An XML Encoding Rule (XER) provides a mechanism for transporting Z39.50 (as well as general ASN.1 specified data) in a textual XML format. This combines the good points of XML and Z39.50 to provide a powerful Internet search protocol. It also provides a means of interfacing legacy ASN.1 based systems to the Internet and XML systems.

This document describes the mechanism for XER we have used in our prototype implementation. These rules have been derived from discussion documents by Alan Kent, Ralph LeVan and the XER mailing list. The additions we have made to these rules are described. Examples of XER encoding, generated by our prototype implementation, are also provided.

This document assumes the reader has a technical understanding of ASN.1, BER encoding, and XML. Knowledge of Z39.50 is also desirable for understanding the examples.

Requirements

A number of proposals have been made by the participants of the XER discussion list about XER. The XER proposal described here attempts to address those issues. However, we wish to highlight certain requirements which are important and has influenced the design of this proposal.

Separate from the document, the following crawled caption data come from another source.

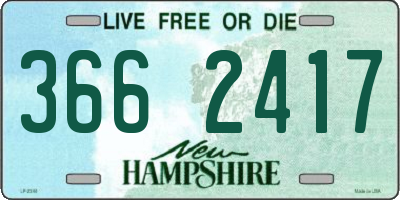 NH license plate 3662417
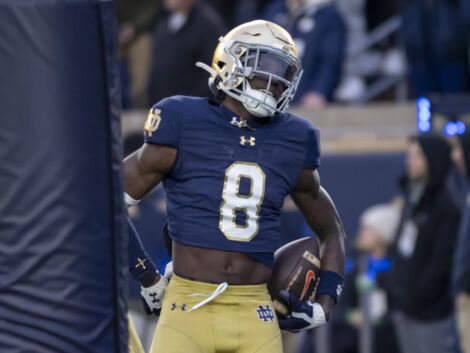 Notre Dame Fighting Irish safety Adon Shuler (8)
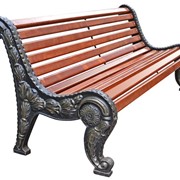 Металлические, деревянные, чугунные, кованые скамейки фото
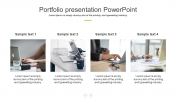 Impressive Portfolio Presentation PowerPoint Slide Design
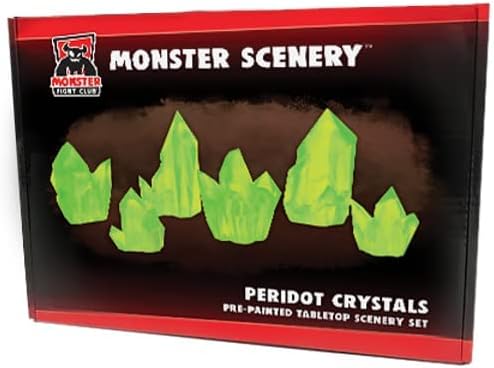 Monster Scenery: Peridot Crystals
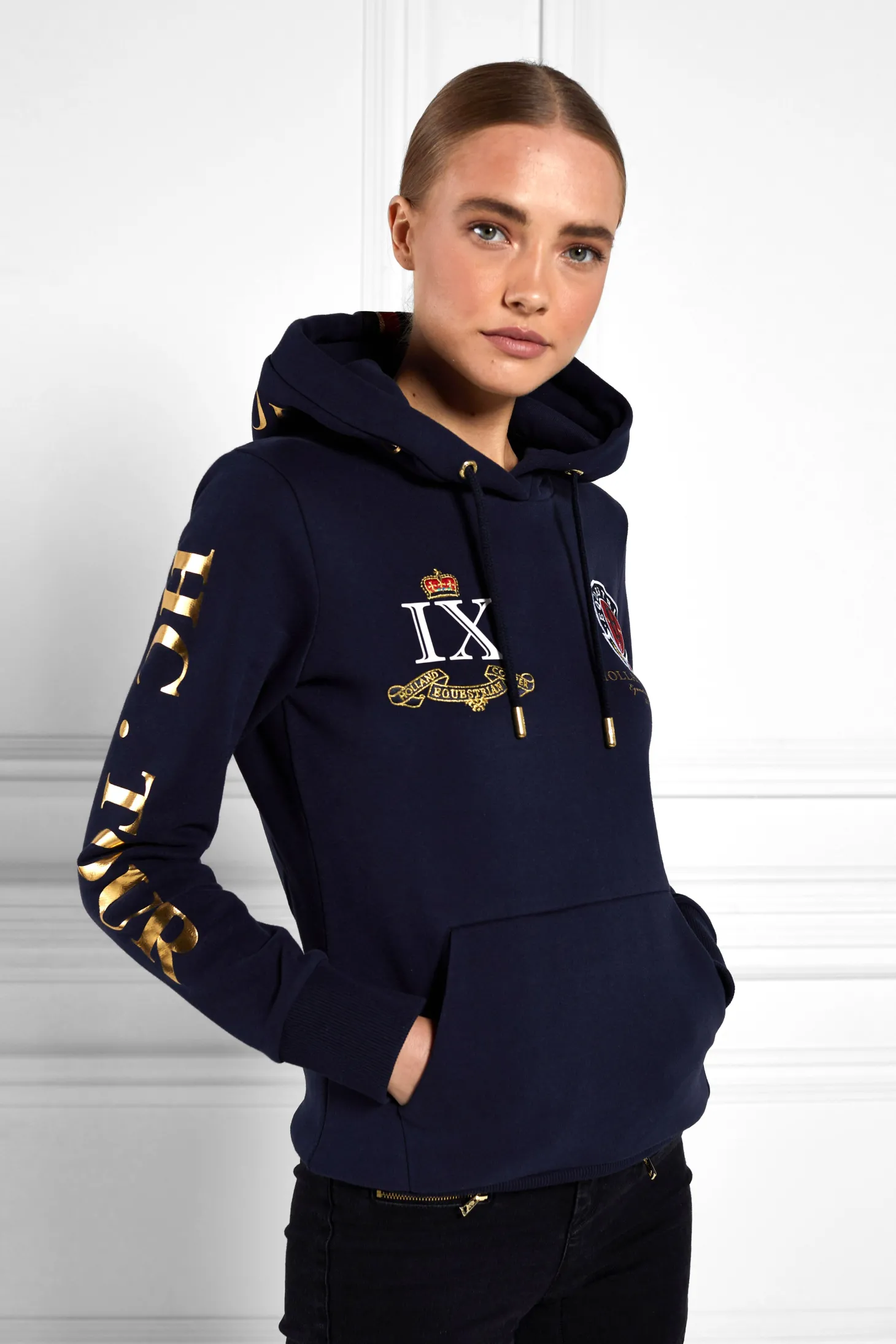 Women Holland Cooper Hoodies & Sweatshirts | Hoodies | Team Hoodie Pull On (Ink Navy)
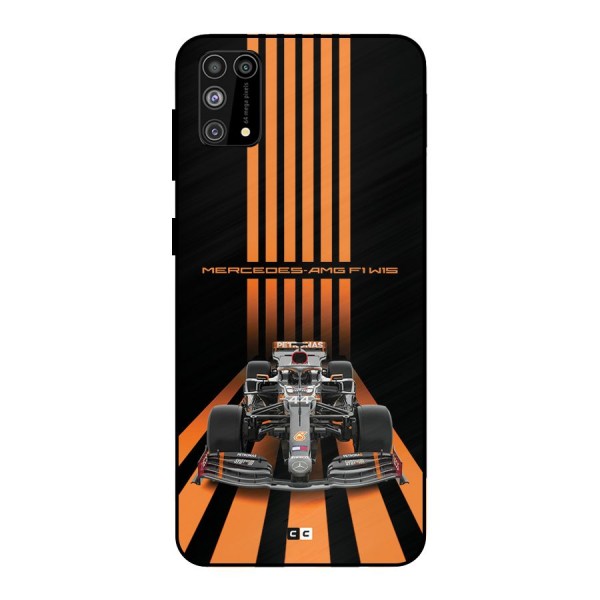 Supercar On Track Metal Back Case for Galaxy M31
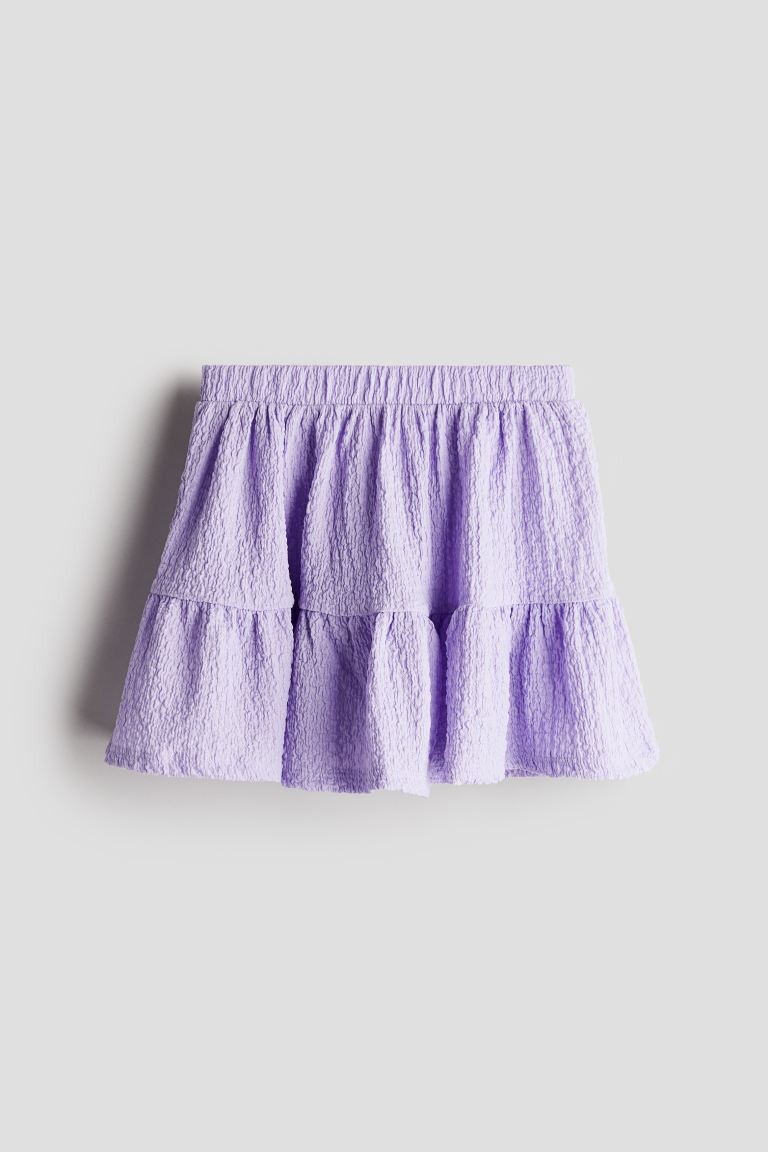 

Юбка из жатого джерси H&M, фиолетовый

XER is intended to be used as a mechanism for interoperability between existing Z39.50 systems and Web/Internet systems. For this reason, we have placed great importance on interoperability: there should be a one-to-one translation between BER and XER encodings. In particular, it must be possible to:

In order to develop XER into a mechanism for encoding any ASN.1 specified data, the solution must address general ASN.1 and not just the subset used by Z39.50. It must handle any existing ASN.1 specification, and not require the ASN.1 descriptions to be rewritten for XER.

The other requirement is that it must be a simple mechanism that is easily understood and easy to implement. This is very important if XER is to be adopted by the Internet community.

The goal of simplicity influences a number of areas in the design. For example, having a single encoding format rather than a number of alternatives, case sensitivity, reducing the need for look ahead. These factors make XER generators and parsers more easy to develop and more efficient to run.

The most significant design feature of this XER mechanism is to be able to automatically process ASN.1 to generate the XER encoding without human intervention. Requiring hand crafted mechanisms is error prone, as well as being both tedious and expensive. The set of rules described here can be automatically applied by a program. There are no exceptional cases or adjustment that require human intervention.

Proposal

The XER mechanism will be described in four parts: namespaces, standard ASN.1 data types, ASN.1 productions, and BER encodings.

Namespaces

In an XER encoded document, XML tags and attributes will come from two sources: The standard XML namespace mechanism will be used. In the examples below, the generic XML tags will be prefixed with "xer:". For conciseness, the specific ASN.1 based tags will be assumed to be in the default namespace (e.g. instead of saying "<Z3950v3:initRequest>" the examples will say "<initRequest>").

Standard ASN.1 data types

The standard ASN.1 types are encoded in XML tags named after their type. These tags are defined in the XER namespace. The values will be textual representations of the value.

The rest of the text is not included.